Making A Mind
Prototype application of Making A Mind, an interactive visualization of the process of decision tree classification, a type of machine learning, and the data flowing through the algorithm. The first prototype uses the Iris data set.
The second example uses synthetic data, to focus on process and structure, and to visualize mistakes in the classification.
The third example uses data from bank loan assignations.

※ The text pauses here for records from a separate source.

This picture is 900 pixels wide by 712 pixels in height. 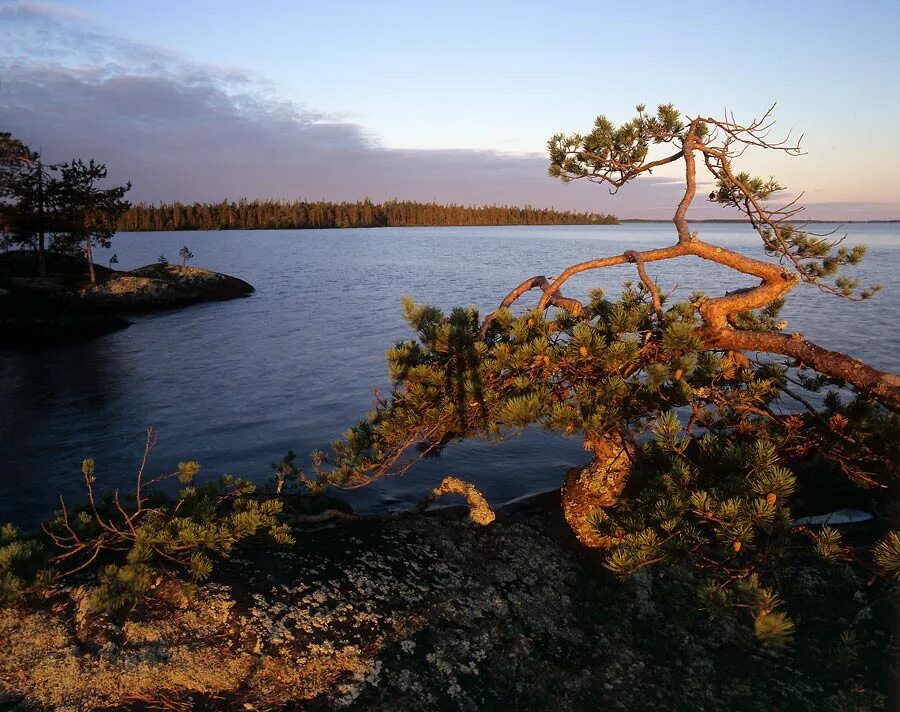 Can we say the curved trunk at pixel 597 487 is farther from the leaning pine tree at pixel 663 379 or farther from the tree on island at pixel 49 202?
the tree on island at pixel 49 202

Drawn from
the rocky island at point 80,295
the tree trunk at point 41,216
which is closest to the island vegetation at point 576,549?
the rocky island at point 80,295

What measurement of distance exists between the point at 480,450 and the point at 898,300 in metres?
25.7

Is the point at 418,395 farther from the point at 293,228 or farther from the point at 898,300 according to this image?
the point at 293,228

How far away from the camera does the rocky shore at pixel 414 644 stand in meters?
4.03

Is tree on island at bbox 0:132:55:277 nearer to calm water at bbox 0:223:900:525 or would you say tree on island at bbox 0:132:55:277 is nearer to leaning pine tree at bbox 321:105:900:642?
calm water at bbox 0:223:900:525

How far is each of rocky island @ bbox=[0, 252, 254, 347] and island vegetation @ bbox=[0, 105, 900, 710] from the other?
21.0m

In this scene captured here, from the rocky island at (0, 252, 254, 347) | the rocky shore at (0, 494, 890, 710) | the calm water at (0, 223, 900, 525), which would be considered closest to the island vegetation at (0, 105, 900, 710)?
the rocky shore at (0, 494, 890, 710)

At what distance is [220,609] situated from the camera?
4.51m

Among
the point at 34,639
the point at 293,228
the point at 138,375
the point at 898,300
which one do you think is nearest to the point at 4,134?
the point at 138,375

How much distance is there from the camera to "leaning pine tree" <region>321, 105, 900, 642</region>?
4.54 metres

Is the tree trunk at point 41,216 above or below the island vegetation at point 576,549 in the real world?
above

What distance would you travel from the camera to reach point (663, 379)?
4445mm

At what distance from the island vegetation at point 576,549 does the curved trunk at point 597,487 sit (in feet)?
0.23

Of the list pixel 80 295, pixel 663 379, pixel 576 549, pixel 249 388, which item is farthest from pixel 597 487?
pixel 80 295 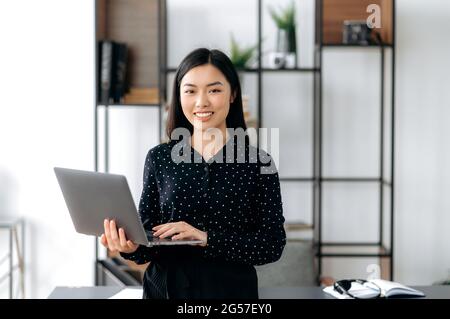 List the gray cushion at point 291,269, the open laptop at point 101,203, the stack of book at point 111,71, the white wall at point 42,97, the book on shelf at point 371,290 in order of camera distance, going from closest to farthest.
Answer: the open laptop at point 101,203, the book on shelf at point 371,290, the gray cushion at point 291,269, the stack of book at point 111,71, the white wall at point 42,97

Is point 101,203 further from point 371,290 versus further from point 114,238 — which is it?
point 371,290

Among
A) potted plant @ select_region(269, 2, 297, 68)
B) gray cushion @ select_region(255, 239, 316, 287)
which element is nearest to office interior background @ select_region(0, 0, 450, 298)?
potted plant @ select_region(269, 2, 297, 68)

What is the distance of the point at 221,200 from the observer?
1.04 metres

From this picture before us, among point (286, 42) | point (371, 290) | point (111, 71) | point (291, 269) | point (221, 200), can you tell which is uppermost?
point (286, 42)

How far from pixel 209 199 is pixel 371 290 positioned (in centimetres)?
62

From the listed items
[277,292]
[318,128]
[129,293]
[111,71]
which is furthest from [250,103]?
[129,293]

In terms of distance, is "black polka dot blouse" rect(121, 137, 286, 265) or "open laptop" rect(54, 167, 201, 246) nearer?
"open laptop" rect(54, 167, 201, 246)

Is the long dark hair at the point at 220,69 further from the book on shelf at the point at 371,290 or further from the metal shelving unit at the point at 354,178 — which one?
the metal shelving unit at the point at 354,178

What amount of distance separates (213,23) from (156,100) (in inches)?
17.0

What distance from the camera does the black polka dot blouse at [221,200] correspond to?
3.38 ft

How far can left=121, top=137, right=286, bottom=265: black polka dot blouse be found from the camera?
1029 mm

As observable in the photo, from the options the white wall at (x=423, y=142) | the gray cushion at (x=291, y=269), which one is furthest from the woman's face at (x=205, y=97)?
the white wall at (x=423, y=142)

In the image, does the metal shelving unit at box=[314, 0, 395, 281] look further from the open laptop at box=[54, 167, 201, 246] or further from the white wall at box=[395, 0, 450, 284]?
the open laptop at box=[54, 167, 201, 246]

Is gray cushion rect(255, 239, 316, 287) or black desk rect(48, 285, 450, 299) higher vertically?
black desk rect(48, 285, 450, 299) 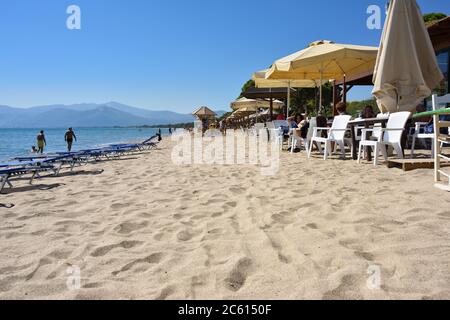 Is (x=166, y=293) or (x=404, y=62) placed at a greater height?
(x=404, y=62)

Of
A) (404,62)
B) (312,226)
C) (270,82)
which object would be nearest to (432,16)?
(270,82)

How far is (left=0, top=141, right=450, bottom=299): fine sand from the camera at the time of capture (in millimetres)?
1524

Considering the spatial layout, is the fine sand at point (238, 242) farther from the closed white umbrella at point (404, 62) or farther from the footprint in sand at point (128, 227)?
the closed white umbrella at point (404, 62)

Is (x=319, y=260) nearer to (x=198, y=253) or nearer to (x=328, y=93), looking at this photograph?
(x=198, y=253)

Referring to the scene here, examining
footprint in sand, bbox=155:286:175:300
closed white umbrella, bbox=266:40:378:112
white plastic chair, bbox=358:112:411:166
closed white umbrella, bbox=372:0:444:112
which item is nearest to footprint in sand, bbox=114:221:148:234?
footprint in sand, bbox=155:286:175:300

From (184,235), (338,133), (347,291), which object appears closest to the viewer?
(347,291)

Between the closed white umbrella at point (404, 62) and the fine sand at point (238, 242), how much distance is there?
1829 millimetres

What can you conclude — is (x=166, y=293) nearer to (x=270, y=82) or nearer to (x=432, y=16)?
(x=270, y=82)

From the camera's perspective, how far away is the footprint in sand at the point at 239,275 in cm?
155

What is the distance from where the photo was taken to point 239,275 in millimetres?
1655

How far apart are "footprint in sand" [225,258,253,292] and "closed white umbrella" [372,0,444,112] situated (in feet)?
13.6

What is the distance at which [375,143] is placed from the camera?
464cm

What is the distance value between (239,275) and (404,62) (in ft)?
14.8

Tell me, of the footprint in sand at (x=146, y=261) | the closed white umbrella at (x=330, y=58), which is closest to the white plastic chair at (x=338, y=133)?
the closed white umbrella at (x=330, y=58) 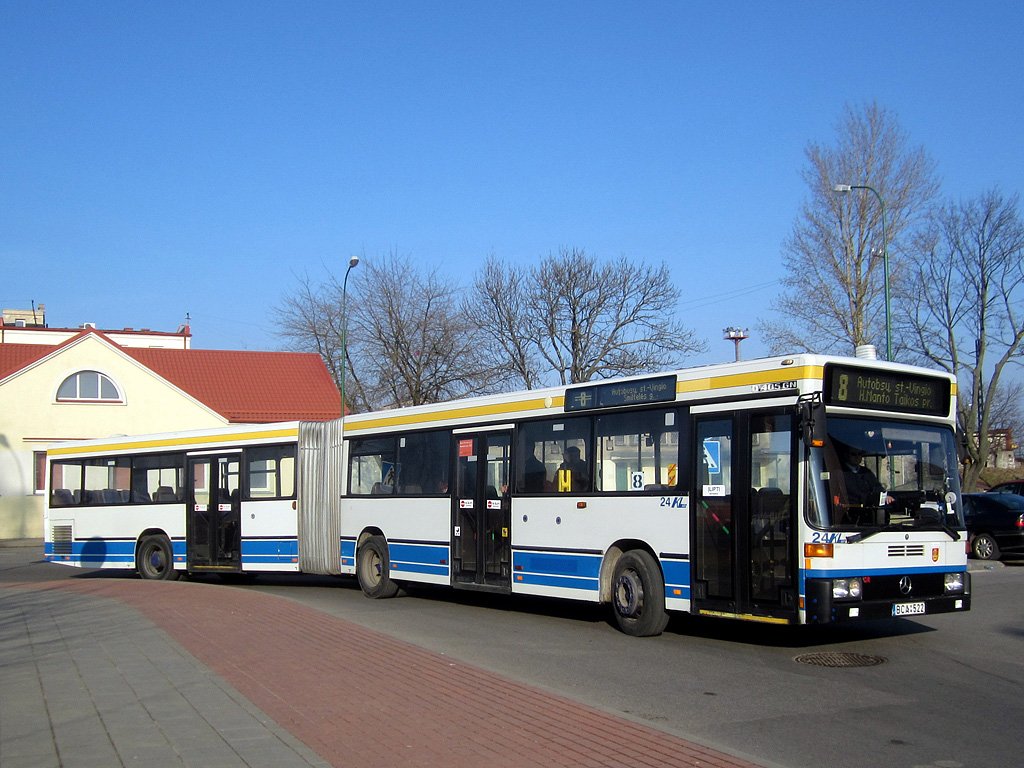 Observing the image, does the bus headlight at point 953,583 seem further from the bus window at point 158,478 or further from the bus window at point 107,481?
the bus window at point 107,481

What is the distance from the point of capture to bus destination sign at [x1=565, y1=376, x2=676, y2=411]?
Answer: 453 inches

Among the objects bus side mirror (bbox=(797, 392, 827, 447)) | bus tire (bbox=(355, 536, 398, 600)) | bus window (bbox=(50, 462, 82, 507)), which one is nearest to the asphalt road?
bus tire (bbox=(355, 536, 398, 600))

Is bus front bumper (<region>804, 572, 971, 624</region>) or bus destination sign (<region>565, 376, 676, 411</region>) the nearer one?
bus front bumper (<region>804, 572, 971, 624</region>)

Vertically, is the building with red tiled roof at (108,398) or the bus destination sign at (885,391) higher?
the building with red tiled roof at (108,398)

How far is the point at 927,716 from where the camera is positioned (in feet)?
24.4

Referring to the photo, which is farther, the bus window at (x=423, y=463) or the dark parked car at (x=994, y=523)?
the dark parked car at (x=994, y=523)

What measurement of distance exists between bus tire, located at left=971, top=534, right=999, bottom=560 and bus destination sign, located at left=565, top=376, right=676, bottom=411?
1373 cm

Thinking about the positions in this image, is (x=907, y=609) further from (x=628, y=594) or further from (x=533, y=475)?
(x=533, y=475)

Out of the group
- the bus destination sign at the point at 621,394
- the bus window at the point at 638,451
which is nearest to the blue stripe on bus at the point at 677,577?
the bus window at the point at 638,451

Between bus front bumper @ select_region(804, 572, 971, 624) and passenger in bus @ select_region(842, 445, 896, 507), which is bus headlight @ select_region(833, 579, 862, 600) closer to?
bus front bumper @ select_region(804, 572, 971, 624)

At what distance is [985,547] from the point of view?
21984 millimetres

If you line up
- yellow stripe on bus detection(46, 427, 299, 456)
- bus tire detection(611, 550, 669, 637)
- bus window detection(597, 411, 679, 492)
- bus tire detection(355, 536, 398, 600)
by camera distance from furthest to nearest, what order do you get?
yellow stripe on bus detection(46, 427, 299, 456) → bus tire detection(355, 536, 398, 600) → bus window detection(597, 411, 679, 492) → bus tire detection(611, 550, 669, 637)

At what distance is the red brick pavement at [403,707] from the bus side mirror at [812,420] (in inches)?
143

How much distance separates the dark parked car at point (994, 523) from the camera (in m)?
21.4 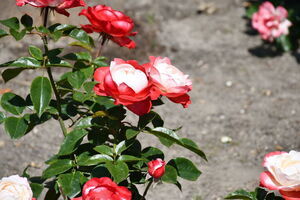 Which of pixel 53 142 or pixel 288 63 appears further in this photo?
pixel 288 63

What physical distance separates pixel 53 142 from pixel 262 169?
112cm

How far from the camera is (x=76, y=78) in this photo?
1562 millimetres

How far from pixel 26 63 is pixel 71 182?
0.35m

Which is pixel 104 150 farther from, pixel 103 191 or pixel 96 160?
pixel 103 191

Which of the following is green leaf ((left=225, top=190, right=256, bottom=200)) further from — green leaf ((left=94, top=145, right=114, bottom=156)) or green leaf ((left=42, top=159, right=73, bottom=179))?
green leaf ((left=42, top=159, right=73, bottom=179))

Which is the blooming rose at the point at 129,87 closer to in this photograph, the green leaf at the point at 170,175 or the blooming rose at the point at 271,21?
the green leaf at the point at 170,175

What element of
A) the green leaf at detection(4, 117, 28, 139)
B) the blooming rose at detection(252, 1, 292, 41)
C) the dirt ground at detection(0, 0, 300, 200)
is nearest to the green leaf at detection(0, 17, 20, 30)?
the green leaf at detection(4, 117, 28, 139)

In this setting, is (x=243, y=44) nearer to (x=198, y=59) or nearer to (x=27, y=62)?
(x=198, y=59)

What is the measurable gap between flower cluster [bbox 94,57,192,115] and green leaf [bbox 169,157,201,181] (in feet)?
0.74

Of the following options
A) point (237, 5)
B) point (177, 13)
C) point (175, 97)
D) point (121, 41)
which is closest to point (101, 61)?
point (121, 41)

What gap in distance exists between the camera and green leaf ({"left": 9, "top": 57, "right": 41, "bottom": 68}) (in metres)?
1.44

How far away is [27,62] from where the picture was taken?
1464 millimetres

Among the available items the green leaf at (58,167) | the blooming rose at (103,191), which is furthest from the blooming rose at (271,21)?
the blooming rose at (103,191)

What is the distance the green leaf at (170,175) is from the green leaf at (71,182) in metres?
0.23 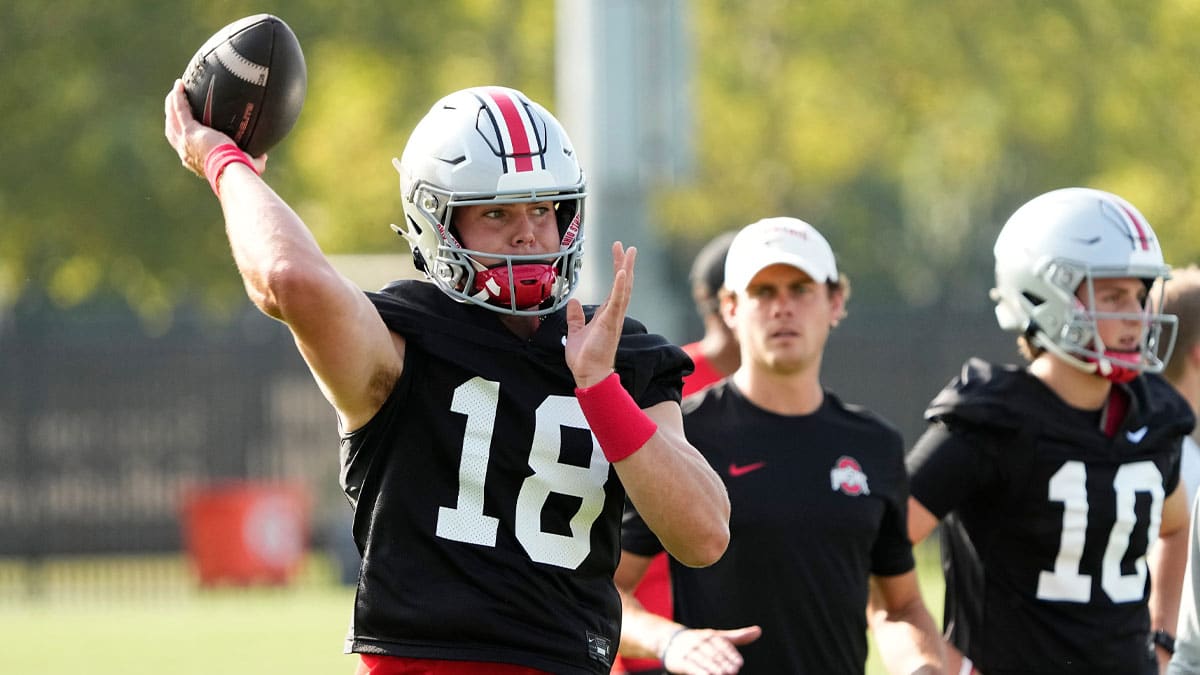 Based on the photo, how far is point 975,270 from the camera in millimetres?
31609

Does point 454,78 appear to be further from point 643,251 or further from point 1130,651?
point 1130,651

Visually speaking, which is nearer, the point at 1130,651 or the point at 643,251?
the point at 1130,651

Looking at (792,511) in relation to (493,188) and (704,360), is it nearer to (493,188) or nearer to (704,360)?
(493,188)

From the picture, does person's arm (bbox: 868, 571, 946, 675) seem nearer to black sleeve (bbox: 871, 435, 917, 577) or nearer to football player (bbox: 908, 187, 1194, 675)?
black sleeve (bbox: 871, 435, 917, 577)

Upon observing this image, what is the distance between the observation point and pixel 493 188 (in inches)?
162

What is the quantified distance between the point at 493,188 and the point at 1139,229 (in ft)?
8.72

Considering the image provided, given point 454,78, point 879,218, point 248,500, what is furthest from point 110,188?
point 879,218

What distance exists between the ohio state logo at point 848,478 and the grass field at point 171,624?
17.6 feet

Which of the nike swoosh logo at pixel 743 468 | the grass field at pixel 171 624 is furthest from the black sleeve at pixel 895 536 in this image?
the grass field at pixel 171 624

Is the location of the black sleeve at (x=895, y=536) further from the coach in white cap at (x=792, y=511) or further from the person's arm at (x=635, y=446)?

The motivation for this research stems from the obfuscation problem in machine learning algorithms. Whilst such algorithms are statistically the most accurate forms of prediction available, they still produce errors, and there is no theoretical framework to understand how they work and why they arrive at the decisions they do. This research works toward a design research methodology that intersects critical code studies – the close reading of source code for social and political interpretation – with computational design, in order to explore this problem through a critical visual framework. The questions being addressed are: whilst it has been established that biases and discrimination exist within datasets, what can we learn by temporarily isolating data and studying the structure and process of an algorithm? Can a computational visualization support our understanding of algorithmic process, in the same way that data visualization supported the understanding of complex statistical issues? Specifically which visual design tactics could support an ethical debugging of algorithms? Decision tree classifiers were chosen to begin this research because they are more simple systems, can be reverse engineered, and are already graphic in nature, however the intention is to progress to work on more complex neural networks.